__SOURCE INFORMATION__:

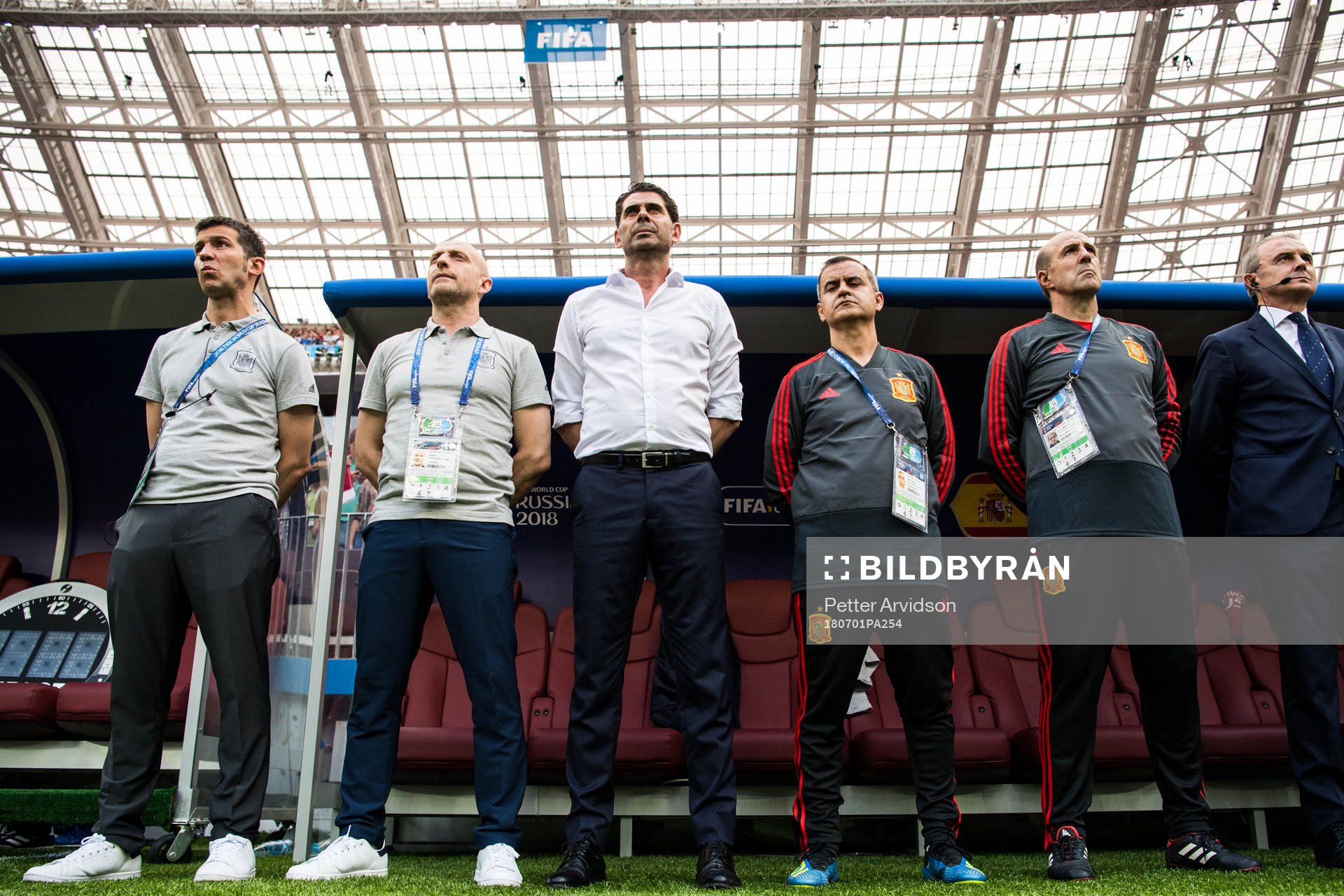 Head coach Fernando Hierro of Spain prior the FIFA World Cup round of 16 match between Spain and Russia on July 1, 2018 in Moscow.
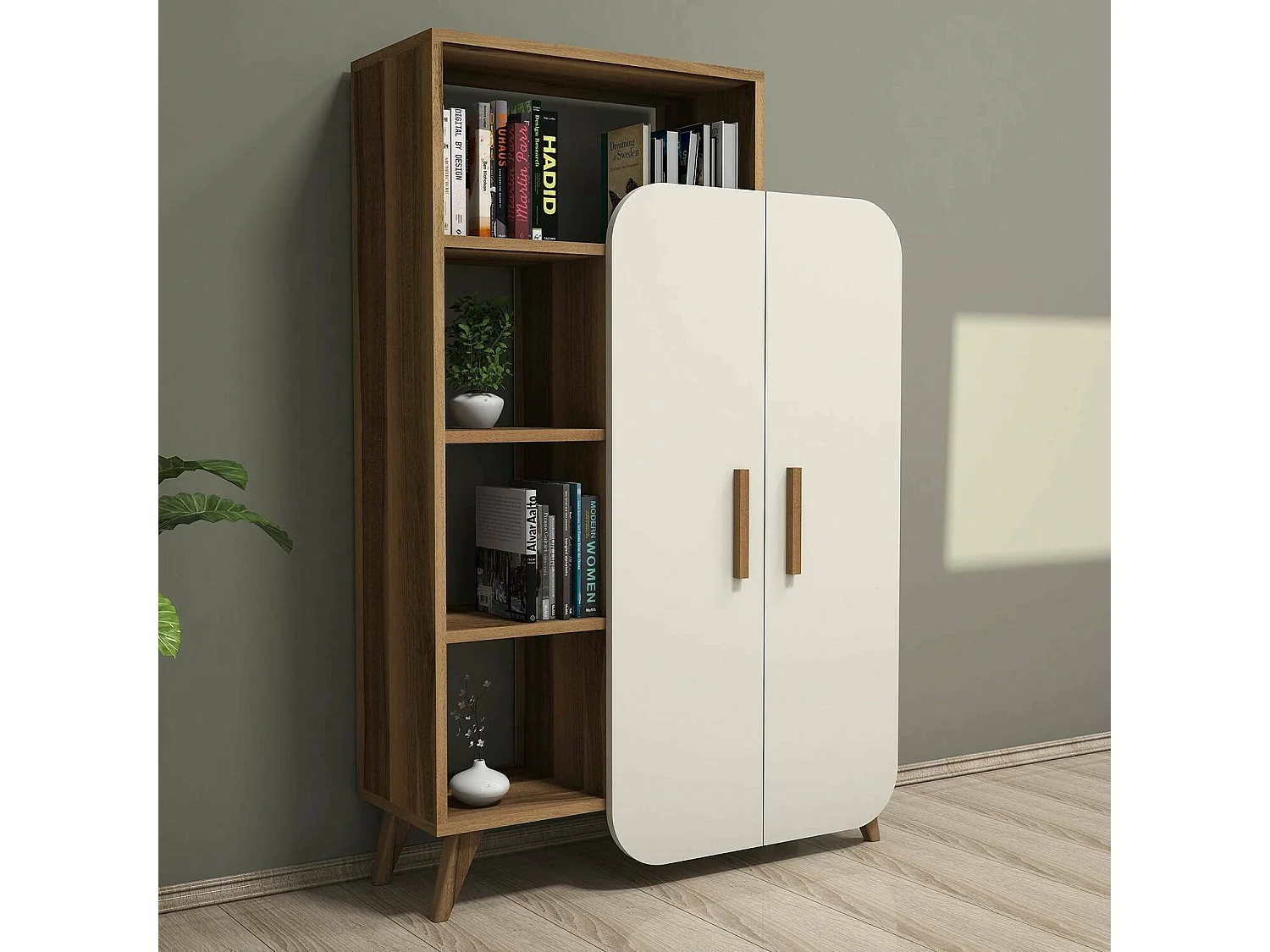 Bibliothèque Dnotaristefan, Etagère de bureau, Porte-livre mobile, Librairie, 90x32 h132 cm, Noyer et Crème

...

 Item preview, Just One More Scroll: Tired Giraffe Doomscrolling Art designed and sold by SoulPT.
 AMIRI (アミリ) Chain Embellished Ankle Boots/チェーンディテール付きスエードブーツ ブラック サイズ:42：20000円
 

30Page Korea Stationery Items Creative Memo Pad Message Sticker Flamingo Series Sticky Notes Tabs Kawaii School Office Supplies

...

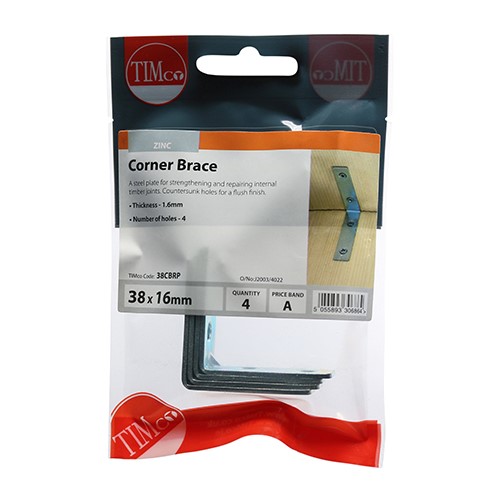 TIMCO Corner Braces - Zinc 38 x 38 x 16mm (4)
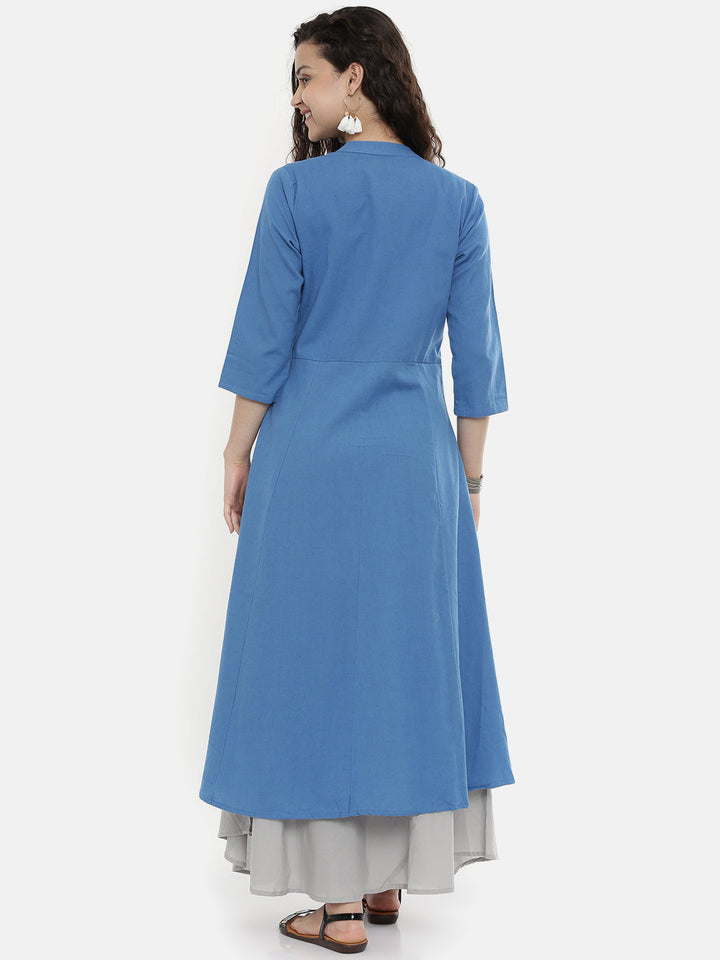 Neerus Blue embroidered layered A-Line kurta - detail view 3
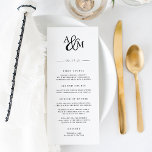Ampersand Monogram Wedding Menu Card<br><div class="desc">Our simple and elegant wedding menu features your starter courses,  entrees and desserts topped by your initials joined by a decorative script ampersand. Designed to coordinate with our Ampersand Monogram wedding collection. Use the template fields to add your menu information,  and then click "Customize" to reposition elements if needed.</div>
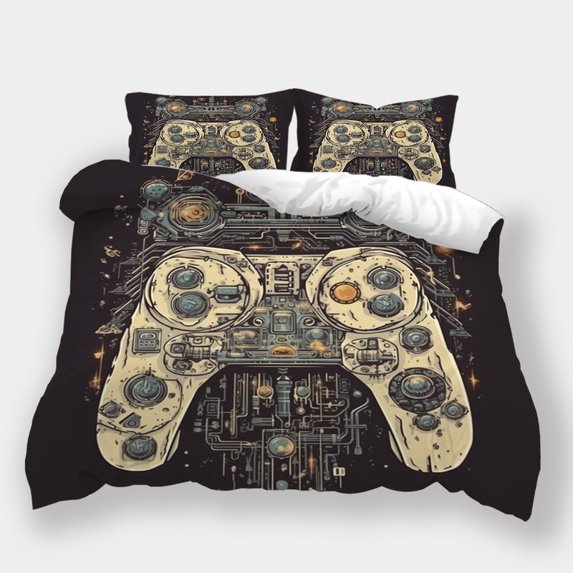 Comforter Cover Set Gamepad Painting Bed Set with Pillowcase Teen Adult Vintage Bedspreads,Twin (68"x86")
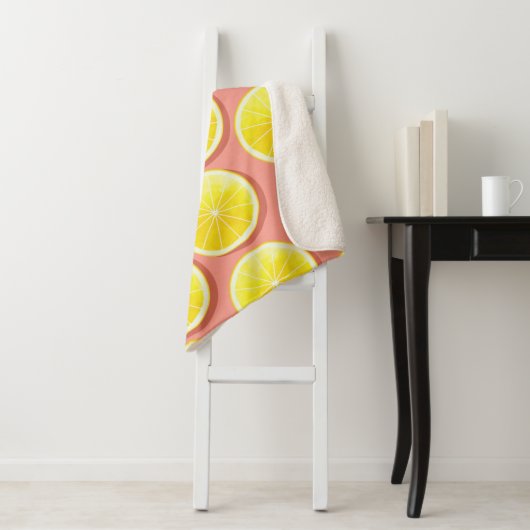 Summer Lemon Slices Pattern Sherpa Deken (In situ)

__YOUR OBJECTIVE__: The answer should consist only of the lines above from the one with "Head coach Fernando" through the one with "Bibliothèque Dnotaristefan, Etagère", repeated exactly, with no pictures among them.

__EXERCISE RESPONSE__:
 Head coach Fernando Hierro of Spain prior the FIFA World Cup round of 16 match between Spain and Russia on July 1, 2018 in Moscow.
 Bibliothèque Dnotaristefan, Etagère de bureau, Porte-livre mobile, Librairie, 90x32 h132 cm, Noyer et Crème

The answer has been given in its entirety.